SPENCER: That’s true of governments, but if you look at the polls, public opinion in every country has favored nuclear weapons abolition for many years. Only two countries have dropped even marginally below 50 percent: Israel in one poll and Pakistan in another. The others are way above 50 percent and Canada has been nearly 90 percent.
JARAMILLO: Yes, I’ve seen those. Canada’s something like 88 percent. But there’s not much connection between that and the decisions taken by government. Nearly 90 percent and still the government’s position is absolutely contrary to that. Still, some of those poll results need to be taken with a grain of salt. When approached and asked whether they want to abolish nuclear weapons, most people will say yes, but how many of them actually care about it enough to demand it? “
SPENCER: It’s hard, but we’ll do it. Now we’ll have a tool!
JARAMILLO: Social media tools like Twitter and Facebook allow for greater youth engagement. ICAN—the International Campaign to Abolish Nuclear Weapons—is very refreshing and very successful at engaging youth. Still, there is a lot of preaching to the choir. A few days ago in New York there was a very inspiring women’s march to ban the bomb. It got virtually zero coverage. There was a huge uproar when Trump pulled out of the Paris climate agreement. The boycott of the nuclear ban negotiations is at least as consequential. Climate and nukes are the two really existential threats.
SPENCER: Right. So give us a quick history of how this humanitarian initiative got this far.
JARAMILLO: What is going on in New York now caps a recent movement that focused on the humanitarian imperative to ban nuclear weapons. A few years ago the discourse around nuclear disarmament started to more explicitly mention the catastrophic consequences of nuclear weapons, although since Hiroshima, people already knew that nuclear weapons were bad.
SPENCER: As opposed to the discourse of strategic analysts who talked about how many each side could afford to relinquish, since they all needed nuclear weapons for their “security.” Nobody in that community would say “You simply cannot use these things under any circumstances.”
JARAMILLO: Right. That wasn’t in the discourse. There was a big problem of translation—the threat is real, but how do we get it to resonate to the visceral, human level?

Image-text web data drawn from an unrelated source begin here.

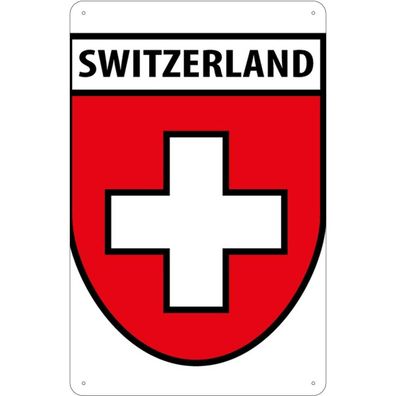 Blechschild 20x30 cm - Switzerland Schweiz Wappen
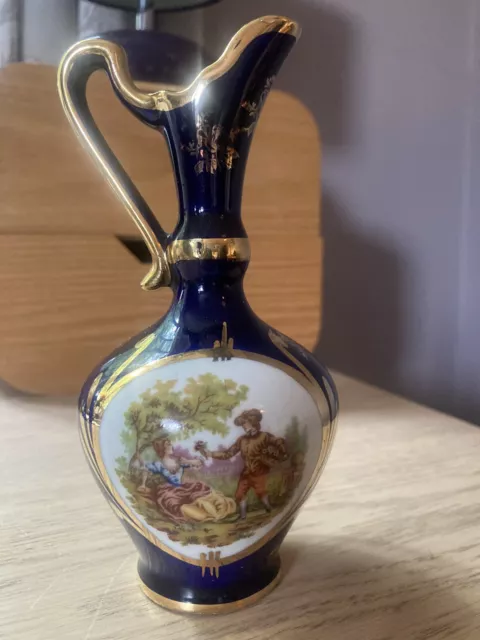 Baroque Cobalt Blue Gold Vase Fragonard Porcelain Vintage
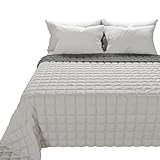 PETTI ARTIGIANI ITALIANI - Colcha Simple Reversible 160x260 cm en Microfibra, Cubre Cama Simple Primavera, Edredón Reversible 1 Persona, Gris, 100% Fabricado en Italia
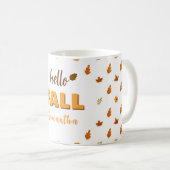 Hallo Herfst Autumn Leaves Flowers Pattern Koffiemok (Voorkant rechts)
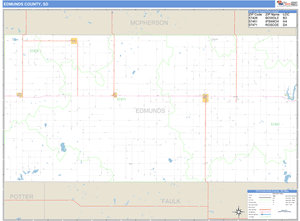 Edmunds County, South Dakota Zip Code Wall Map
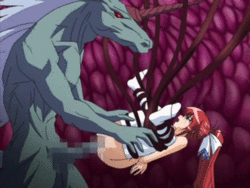 1girl animated animated_gif arms_behind_back bestiality blue_eyes breasts censored forced hair_ornament helpless horse huge_penis in'youchuu large_insertion leg_grab legs_up long_hair moaning monster no_shoes nude penis ponytail profile rape red_hair restrained sex shiratori_mikoto side spread_legs tentacle thigh_grab thighhighs unicorn vaginal white_legwear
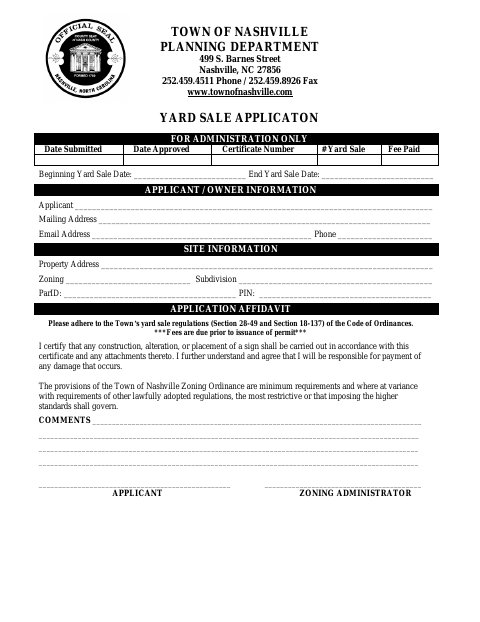 First page of the Yard Sale Application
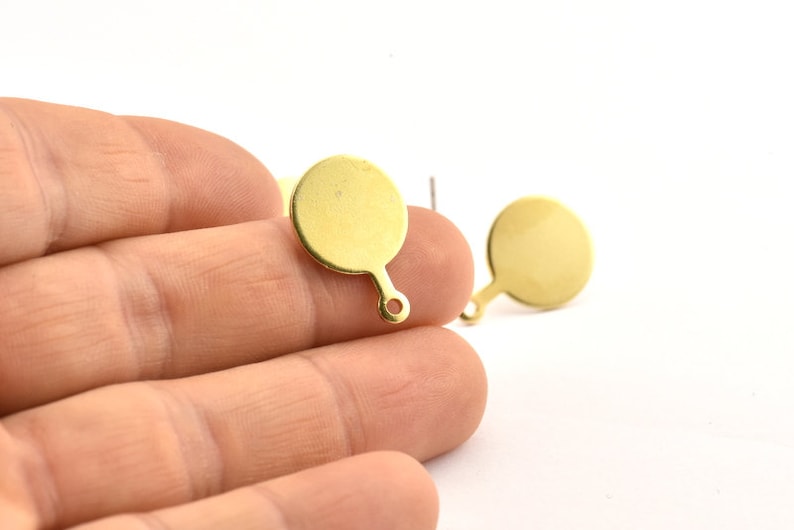 D754 A1304 8 Raw Brass Round Stamping Blanks With 1 Loop 20x14x1mm Stud Earrings Brass Round Earring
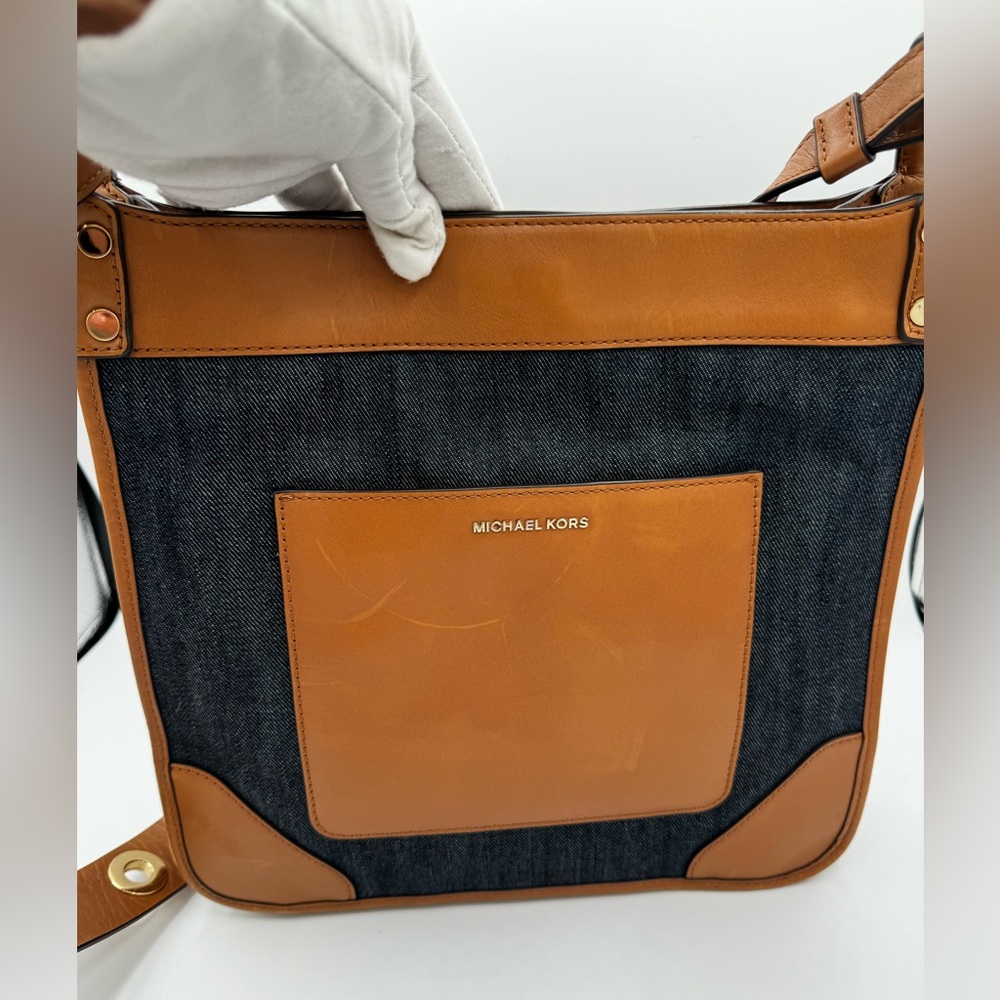 “Michael Kors” Sullivan Messenger Bag, Dark Denim.
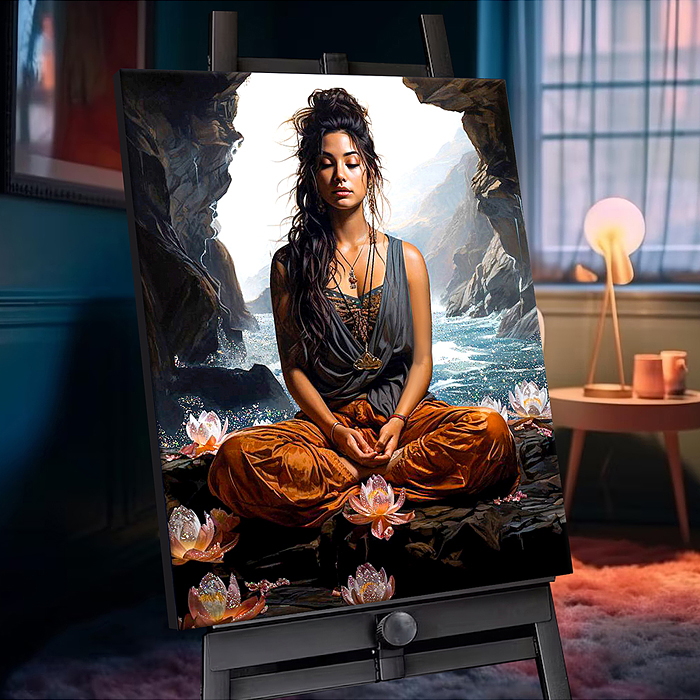 Фото к товару Картина по номерам 40х50 "Медитация на берегу океана" с кристаллами из хрусталя черный холст Картина по номерам 40х50 "Медитация на берегу океана" с кристаллами из хрусталя черный холст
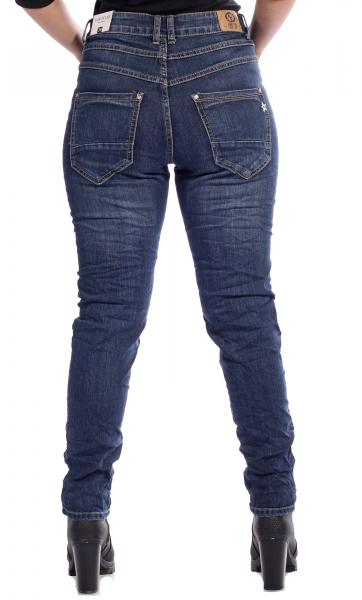 KAROSTAR Baggy Damen Jeans 4 Button Style Dunkelblau 5-Pocket Style Gr. 38 - 48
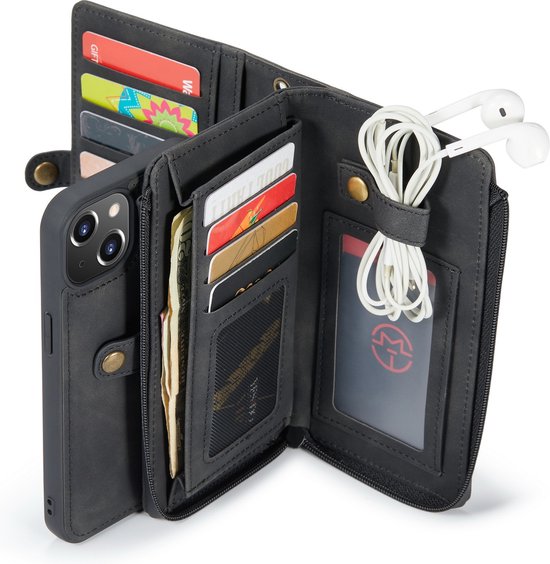 Apple iPhone 13 Hoesje - Charcoal Gray - Luxe 2 in 1 Bookcase met 10 Kaart Vakken en Polskoord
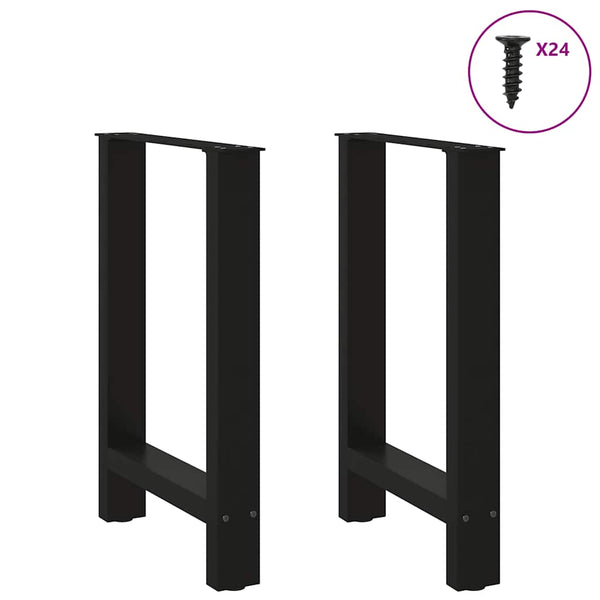 Esstischbeine Schwarz 60x72 cm, 2er Set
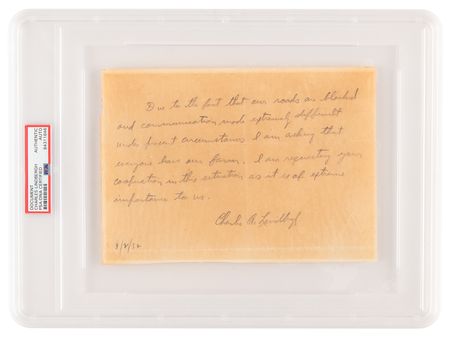 Lot #1128 Charles Lindbergh Autograph Letter Signed After His Son's Kidnapping, Ordering Reporters to Leave: 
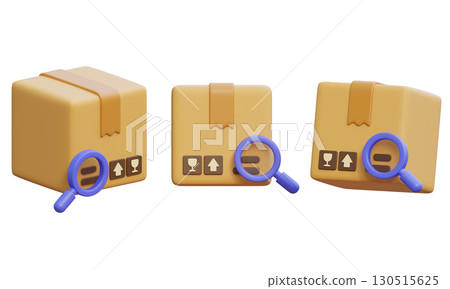 Package Box with search 3D Icon graphic 130515625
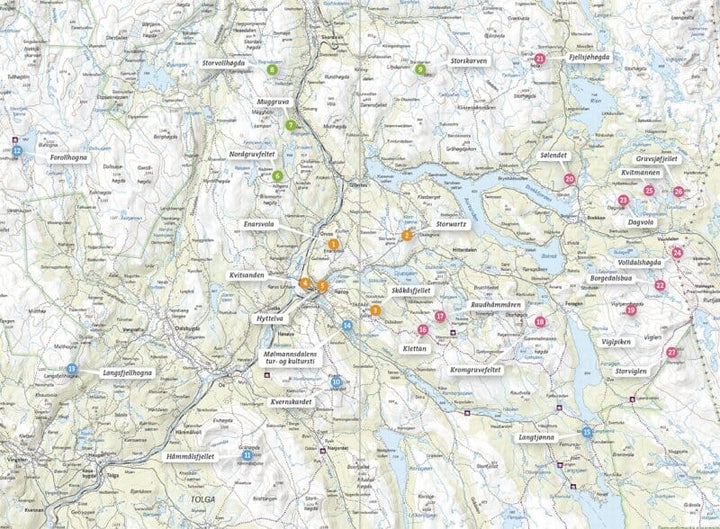 Carte de randonnée - Røros carte + guide (Norvège) | Calazo - 1/50 000 carte pliée Calazo 
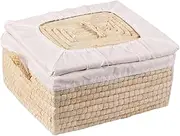 1Pc Beige Woven Bun Basket with Lid Multi Purpose Bread Storage Holder Design for Home Organization Dust and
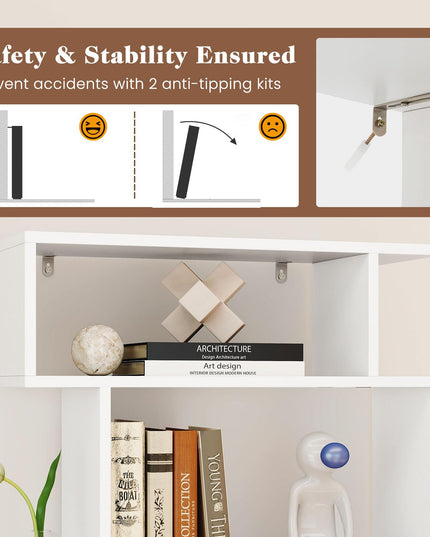 Giantex 6 Tier Geometric Bookshelf with 2 Anti Tipping Kits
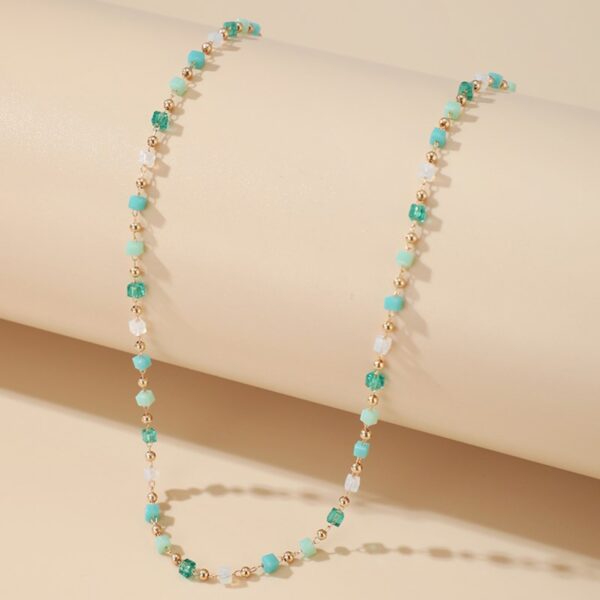 Wholesale Alloy Green Beaded Sugar Cube Ball Necklace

SPENCER: So who started this renewed look at the human consequences of nuclear weapons? Was that ICAN?
JARAMILLO: There was formidable work by civil society and then three stages in quick succession between 2013 and 2014, led by the governments of Norway, Mexico, and Austria. They hosted three multilateral conferences on the humanitarian impact of nuclear weapons.
SPENCER: Who got them to do that?
JARAMILLO: It was an idea whose time had come. Civil society activists played a big part. But also, progressive countries like Mexico, Costa Rica, and Austria became increasingly vocal. In the conferences, the voices of Hiroshima survivors were very prominent, as were the views of organizations like the International Committee of the Red Cross.
SPENCER: Did any nuclear states attend those initial meetings?
*JARAMILLO:*Those states and their allies, including Canada, showed no enthusiasm about the negotiations. All five nuclear states boycotted the first conference, but Canada, Germany, and the other nuclear-aligned states were there, seemingly as mouthpieces for the nuclear weapons states. By the third conference, the one in Austria, the “Western P3” were present: the US, France, and the UK. They challenged the rationale for the conferences, but not persuasively. The claimed that there was nothing new, in terms of political attention. They said, “We’ve known all along what the risks are. We’ve tried to keep nuclear weapons safe.” But they missed the intangible sense of momentum—the impatience about the lack of progress toward concrete disarmament.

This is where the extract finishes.